Overall, the US Immigration Act of 1990 prohibits foreign crewmen from working as longshoremen while docked in ports in the US. However, it has a few exceptions as explained in the next section.
How Do I qualify for the three exceptions?
To qualify for D-1, you must be:
1. A foreign crewman loading or unloading hazardous cargoes for which the US Department of Transportation has issued appropriate safety and environment regulations.
2. A foreign crewman who works as longshoreman where this is the prevailing practice. This may be demonstrated by a collective bargaining agreement which covers at least 30% of the longshoremen, and which allows foreign crewmen to engage in such practices.
3. A foreign crewman where the ship on which you work is registered in a country, and is owned by nationals of a country, each of which does not disallow crewmen from performing longshore activities aboard U.S. vessels in its ports.
Caution: The Immigration Act also bars aliens from working aboard air and sea carriers during the course of a labor dispute unless the employer shows that the alien was employed prior to the labor dispute and is continuing to work in the same capacity.

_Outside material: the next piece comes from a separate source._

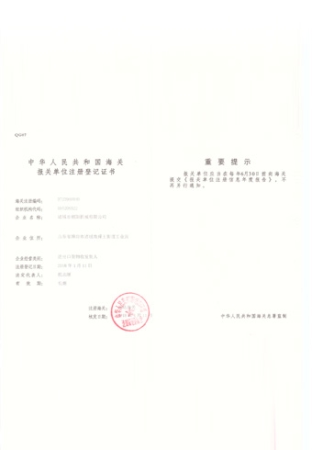 證書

What if there are NO bargaining agreements to qualify for the second exception?
In the absence of an agreement, the ship owner must file an attestation with the U.S. Department of Labor at least 14 days before the work is to be performed. The attestation must state that:
· The activity is permitted at the local port;
· There is no strike or lockout
· Such action is not intended to influence the outcome of a labor election, and
· A notice of the attestation has been provided to the bargaining representative of longshoremen in the local port.
Caution: Such attestations must be renewed on a yearly basis. Penalties may be imposed for a material misrepresentation or for an employer’s failure to meet a condition of the attestation.